▸ Work item
The answer is all of the data, repeated exactly.

BEGIN Dataset content

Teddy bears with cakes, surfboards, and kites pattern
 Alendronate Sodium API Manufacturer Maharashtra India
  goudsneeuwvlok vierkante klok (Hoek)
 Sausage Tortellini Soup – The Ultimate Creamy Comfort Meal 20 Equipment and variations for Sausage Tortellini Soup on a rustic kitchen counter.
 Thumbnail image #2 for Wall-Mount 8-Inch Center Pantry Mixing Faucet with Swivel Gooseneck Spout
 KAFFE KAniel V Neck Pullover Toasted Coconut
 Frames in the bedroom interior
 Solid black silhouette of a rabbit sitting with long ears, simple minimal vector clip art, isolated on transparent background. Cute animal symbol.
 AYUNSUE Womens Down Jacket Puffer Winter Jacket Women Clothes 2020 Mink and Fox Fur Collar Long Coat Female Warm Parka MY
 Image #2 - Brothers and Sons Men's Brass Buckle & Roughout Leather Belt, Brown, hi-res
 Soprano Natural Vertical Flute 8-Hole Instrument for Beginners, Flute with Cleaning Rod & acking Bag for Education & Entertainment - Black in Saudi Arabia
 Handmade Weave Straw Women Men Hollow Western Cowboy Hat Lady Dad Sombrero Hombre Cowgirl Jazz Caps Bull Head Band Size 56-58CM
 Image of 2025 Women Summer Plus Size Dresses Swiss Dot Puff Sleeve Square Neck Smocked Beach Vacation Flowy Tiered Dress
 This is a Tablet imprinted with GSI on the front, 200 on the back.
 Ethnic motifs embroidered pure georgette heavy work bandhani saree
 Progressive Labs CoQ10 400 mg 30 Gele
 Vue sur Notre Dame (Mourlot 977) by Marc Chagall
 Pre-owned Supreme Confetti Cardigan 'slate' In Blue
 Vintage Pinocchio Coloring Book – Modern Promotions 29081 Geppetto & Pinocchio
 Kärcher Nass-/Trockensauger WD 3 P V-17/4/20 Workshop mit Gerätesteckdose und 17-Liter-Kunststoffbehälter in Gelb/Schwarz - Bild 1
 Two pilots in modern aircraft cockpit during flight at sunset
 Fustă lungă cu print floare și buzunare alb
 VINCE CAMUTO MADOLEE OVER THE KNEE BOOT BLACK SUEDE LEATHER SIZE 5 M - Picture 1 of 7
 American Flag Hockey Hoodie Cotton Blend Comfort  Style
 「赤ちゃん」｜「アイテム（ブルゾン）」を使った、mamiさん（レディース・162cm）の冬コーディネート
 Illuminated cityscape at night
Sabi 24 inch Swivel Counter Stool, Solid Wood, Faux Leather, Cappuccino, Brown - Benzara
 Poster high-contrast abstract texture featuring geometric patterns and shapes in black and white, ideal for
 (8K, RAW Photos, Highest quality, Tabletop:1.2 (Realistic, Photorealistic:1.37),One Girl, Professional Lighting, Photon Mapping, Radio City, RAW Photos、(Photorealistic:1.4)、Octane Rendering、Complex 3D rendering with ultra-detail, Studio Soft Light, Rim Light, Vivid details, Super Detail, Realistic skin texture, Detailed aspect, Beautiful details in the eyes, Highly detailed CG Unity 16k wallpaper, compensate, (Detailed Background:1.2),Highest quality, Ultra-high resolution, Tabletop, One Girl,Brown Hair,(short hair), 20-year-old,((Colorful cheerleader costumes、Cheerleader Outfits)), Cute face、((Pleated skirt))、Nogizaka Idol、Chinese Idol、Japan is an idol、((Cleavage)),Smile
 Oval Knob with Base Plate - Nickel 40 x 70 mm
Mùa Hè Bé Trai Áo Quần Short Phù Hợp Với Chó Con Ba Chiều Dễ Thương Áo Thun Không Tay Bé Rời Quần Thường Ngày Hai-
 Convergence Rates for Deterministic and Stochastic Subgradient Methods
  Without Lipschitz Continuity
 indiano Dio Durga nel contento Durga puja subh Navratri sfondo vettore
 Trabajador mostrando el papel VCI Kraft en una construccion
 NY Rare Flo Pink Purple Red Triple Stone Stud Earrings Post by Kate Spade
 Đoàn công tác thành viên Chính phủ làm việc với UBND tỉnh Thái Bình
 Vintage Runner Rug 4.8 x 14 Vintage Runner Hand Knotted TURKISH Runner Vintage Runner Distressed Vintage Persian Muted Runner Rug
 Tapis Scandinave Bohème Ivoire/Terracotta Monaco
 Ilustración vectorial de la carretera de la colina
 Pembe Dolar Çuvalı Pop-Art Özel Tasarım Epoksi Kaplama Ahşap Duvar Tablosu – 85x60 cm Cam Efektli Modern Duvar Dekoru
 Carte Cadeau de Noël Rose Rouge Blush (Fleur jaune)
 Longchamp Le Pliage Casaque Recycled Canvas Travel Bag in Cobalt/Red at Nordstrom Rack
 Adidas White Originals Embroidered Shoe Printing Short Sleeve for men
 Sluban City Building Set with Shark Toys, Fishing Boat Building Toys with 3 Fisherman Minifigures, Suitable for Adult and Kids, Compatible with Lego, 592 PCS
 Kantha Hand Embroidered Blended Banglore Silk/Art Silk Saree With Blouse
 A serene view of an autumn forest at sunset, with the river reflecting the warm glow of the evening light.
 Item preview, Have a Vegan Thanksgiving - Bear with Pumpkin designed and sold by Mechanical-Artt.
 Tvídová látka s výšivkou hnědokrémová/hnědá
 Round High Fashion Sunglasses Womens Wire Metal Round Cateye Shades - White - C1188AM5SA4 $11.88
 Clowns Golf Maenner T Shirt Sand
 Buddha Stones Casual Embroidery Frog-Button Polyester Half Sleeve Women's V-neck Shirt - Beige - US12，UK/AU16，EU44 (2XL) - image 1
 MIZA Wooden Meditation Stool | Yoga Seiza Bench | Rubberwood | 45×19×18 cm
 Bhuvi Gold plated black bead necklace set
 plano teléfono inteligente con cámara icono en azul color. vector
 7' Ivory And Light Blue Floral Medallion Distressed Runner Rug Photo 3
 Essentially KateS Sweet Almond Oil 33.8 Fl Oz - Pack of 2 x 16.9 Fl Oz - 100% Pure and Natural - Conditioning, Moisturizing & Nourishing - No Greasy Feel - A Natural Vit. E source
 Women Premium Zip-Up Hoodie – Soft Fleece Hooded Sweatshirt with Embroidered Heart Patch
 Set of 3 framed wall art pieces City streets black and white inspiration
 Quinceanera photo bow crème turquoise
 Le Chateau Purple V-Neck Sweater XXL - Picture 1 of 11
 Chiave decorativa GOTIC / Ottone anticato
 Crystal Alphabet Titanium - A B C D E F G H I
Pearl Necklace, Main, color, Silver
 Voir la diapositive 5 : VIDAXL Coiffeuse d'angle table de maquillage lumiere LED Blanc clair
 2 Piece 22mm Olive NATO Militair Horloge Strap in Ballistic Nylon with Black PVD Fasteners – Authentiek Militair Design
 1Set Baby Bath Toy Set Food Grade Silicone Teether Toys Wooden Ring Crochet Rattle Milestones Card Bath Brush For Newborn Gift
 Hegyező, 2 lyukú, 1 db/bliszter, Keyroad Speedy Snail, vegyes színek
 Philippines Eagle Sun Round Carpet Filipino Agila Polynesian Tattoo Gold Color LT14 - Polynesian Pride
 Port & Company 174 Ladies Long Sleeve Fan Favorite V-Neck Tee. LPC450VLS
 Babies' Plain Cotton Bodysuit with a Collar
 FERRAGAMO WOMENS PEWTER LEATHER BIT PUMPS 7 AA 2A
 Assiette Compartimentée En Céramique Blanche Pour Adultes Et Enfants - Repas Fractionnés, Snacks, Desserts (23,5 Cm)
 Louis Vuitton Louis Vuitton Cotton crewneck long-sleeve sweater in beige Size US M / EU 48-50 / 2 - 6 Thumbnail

END Dataset content

▸ Task result
Teddy bears with cakes, surfboards, and kites pattern
 Alendronate Sodium API Manufacturer Maharashtra India
  goudsneeuwvlok vierkante klok (Hoek)
 Sausage Tortellini Soup – The Ultimate Creamy Comfort Meal 20 Equipment and variations for Sausage Tortellini Soup on a rustic kitchen counter.
 Thumbnail image #2 for Wall-Mount 8-Inch Center Pantry Mixing Faucet with Swivel Gooseneck Spout
 KAFFE KAniel V Neck Pullover Toasted Coconut
 Frames in the bedroom interior
 Solid black silhouette of a rabbit sitting with long ears, simple minimal vector clip art, isolated on transparent background. Cute animal symbol.
 AYUNSUE Womens Down Jacket Puffer Winter Jacket Women Clothes 2020 Mink and Fox Fur Collar Long Coat Female Warm Parka MY
 Image #2 - Brothers and Sons Men's Brass Buckle & Roughout Leather Belt, Brown, hi-res
 Soprano Natural Vertical Flute 8-Hole Instrument for Beginners, Flute with Cleaning Rod & acking Bag for Education & Entertainment - Black in Saudi Arabia
 Handmade Weave Straw Women Men Hollow Western Cowboy Hat Lady Dad Sombrero Hombre Cowgirl Jazz Caps Bull Head Band Size 56-58CM
 Image of 2025 Women Summer Plus Size Dresses Swiss Dot Puff Sleeve Square Neck Smocked Beach Vacation Flowy Tiered Dress
 This is a Tablet imprinted with GSI on the front, 200 on the back.
 Ethnic motifs embroidered pure georgette heavy work bandhani saree
 Progressive Labs CoQ10 400 mg 30 Gele
 Vue sur Notre Dame (Mourlot 977) by Marc Chagall
 Pre-owned Supreme Confetti Cardigan 'slate' In Blue
 Vintage Pinocchio Coloring Book – Modern Promotions 29081 Geppetto & Pinocchio
 Kärcher Nass-/Trockensauger WD 3 P V-17/4/20 Workshop mit Gerätesteckdose und 17-Liter-Kunststoffbehälter in Gelb/Schwarz - Bild 1
 Two pilots in modern aircraft cockpit during flight at sunset
 Fustă lungă cu print floare și buzunare alb
 VINCE CAMUTO MADOLEE OVER THE KNEE BOOT BLACK SUEDE LEATHER SIZE 5 M - Picture 1 of 7
 American Flag Hockey Hoodie Cotton Blend Comfort  Style
 「赤ちゃん」｜「アイテム（ブルゾン）」を使った、mamiさん（レディース・162cm）の冬コーディネート
 Illuminated cityscape at night
Sabi 24 inch Swivel Counter Stool, Solid Wood, Faux Leather, Cappuccino, Brown - Benzara
 Poster high-contrast abstract texture featuring geometric patterns and shapes in black and white, ideal for
 (8K, RAW Photos, Highest quality, Tabletop:1.2 (Realistic, Photorealistic:1.37),One Girl, Professional Lighting, Photon Mapping, Radio City, RAW Photos、(Photorealistic:1.4)、Octane Rendering、Complex 3D rendering with ultra-detail, Studio Soft Light, Rim Light, Vivid details, Super Detail, Realistic skin texture, Detailed aspect, Beautiful details in the eyes, Highly detailed CG Unity 16k wallpaper, compensate, (Detailed Background:1.2),Highest quality, Ultra-high resolution, Tabletop, One Girl,Brown Hair,(short hair), 20-year-old,((Colorful cheerleader costumes、Cheerleader Outfits)), Cute face、((Pleated skirt))、Nogizaka Idol、Chinese Idol、Japan is an idol、((Cleavage)),Smile
 Oval Knob with Base Plate - Nickel 40 x 70 mm
Mùa Hè Bé Trai Áo Quần Short Phù Hợp Với Chó Con Ba Chiều Dễ Thương Áo Thun Không Tay Bé Rời Quần Thường Ngày Hai-
 Convergence Rates for Deterministic and Stochastic Subgradient Methods
  Without Lipschitz Continuity
 indiano Dio Durga nel contento Durga puja subh Navratri sfondo vettore
 Trabajador mostrando el papel VCI Kraft en una construccion
 NY Rare Flo Pink Purple Red Triple Stone Stud Earrings Post by Kate Spade
 Đoàn công tác thành viên Chính phủ làm việc với UBND tỉnh Thái Bình
 Vintage Runner Rug 4.8 x 14 Vintage Runner Hand Knotted TURKISH Runner Vintage Runner Distressed Vintage Persian Muted Runner Rug
 Tapis Scandinave Bohème Ivoire/Terracotta Monaco
 Ilustración vectorial de la carretera de la colina
 Pembe Dolar Çuvalı Pop-Art Özel Tasarım Epoksi Kaplama Ahşap Duvar Tablosu – 85x60 cm Cam Efektli Modern Duvar Dekoru
 Carte Cadeau de Noël Rose Rouge Blush (Fleur jaune)
 Longchamp Le Pliage Casaque Recycled Canvas Travel Bag in Cobalt/Red at Nordstrom Rack
 Adidas White Originals Embroidered Shoe Printing Short Sleeve for men
 Sluban City Building Set with Shark Toys, Fishing Boat Building Toys with 3 Fisherman Minifigures, Suitable for Adult and Kids, Compatible with Lego, 592 PCS
 Kantha Hand Embroidered Blended Banglore Silk/Art Silk Saree With Blouse
 A serene view of an autumn forest at sunset, with the river reflecting the warm glow of the evening light.
 Item preview, Have a Vegan Thanksgiving - Bear with Pumpkin designed and sold by Mechanical-Artt.
 Tvídová látka s výšivkou hnědokrémová/hnědá
 Round High Fashion Sunglasses Womens Wire Metal Round Cateye Shades - White - C1188AM5SA4 $11.88
 Clowns Golf Maenner T Shirt Sand
 Buddha Stones Casual Embroidery Frog-Button Polyester Half Sleeve Women's V-neck Shirt - Beige - US12，UK/AU16，EU44 (2XL) - image 1
 MIZA Wooden Meditation Stool | Yoga Seiza Bench | Rubberwood | 45×19×18 cm
 Bhuvi Gold plated black bead necklace set
 plano teléfono inteligente con cámara icono en azul color. vector
 7' Ivory And Light Blue Floral Medallion Distressed Runner Rug Photo 3
 Essentially KateS Sweet Almond Oil 33.8 Fl Oz - Pack of 2 x 16.9 Fl Oz - 100% Pure and Natural - Conditioning, Moisturizing & Nourishing - No Greasy Feel - A Natural Vit. E source
 Women Premium Zip-Up Hoodie – Soft Fleece Hooded Sweatshirt with Embroidered Heart Patch
 Set of 3 framed wall art pieces City streets black and white inspiration
 Quinceanera photo bow crème turquoise
 Le Chateau Purple V-Neck Sweater XXL - Picture 1 of 11
 Chiave decorativa GOTIC / Ottone anticato
 Crystal Alphabet Titanium - A B C D E F G H I
Pearl Necklace, Main, color, Silver
 Voir la diapositive 5 : VIDAXL Coiffeuse d'angle table de maquillage lumiere LED Blanc clair
 2 Piece 22mm Olive NATO Militair Horloge Strap in Ballistic Nylon with Black PVD Fasteners – Authentiek Militair Design
 1Set Baby Bath Toy Set Food Grade Silicone Teether Toys Wooden Ring Crochet Rattle Milestones Card Bath Brush For Newborn Gift
 Hegyező, 2 lyukú, 1 db/bliszter, Keyroad Speedy Snail, vegyes színek
 Philippines Eagle Sun Round Carpet Filipino Agila Polynesian Tattoo Gold Color LT14 - Polynesian Pride
 Port & Company 174 Ladies Long Sleeve Fan Favorite V-Neck Tee. LPC450VLS
 Babies' Plain Cotton Bodysuit with a Collar
 FERRAGAMO WOMENS PEWTER LEATHER BIT PUMPS 7 AA 2A
 Assiette Compartimentée En Céramique Blanche Pour Adultes Et Enfants - Repas Fractionnés, Snacks, Desserts (23,5 Cm)
 Louis Vuitton Louis Vuitton Cotton crewneck long-sleeve sweater in beige Size US M / EU 48-50 / 2 - 6 Thumbnail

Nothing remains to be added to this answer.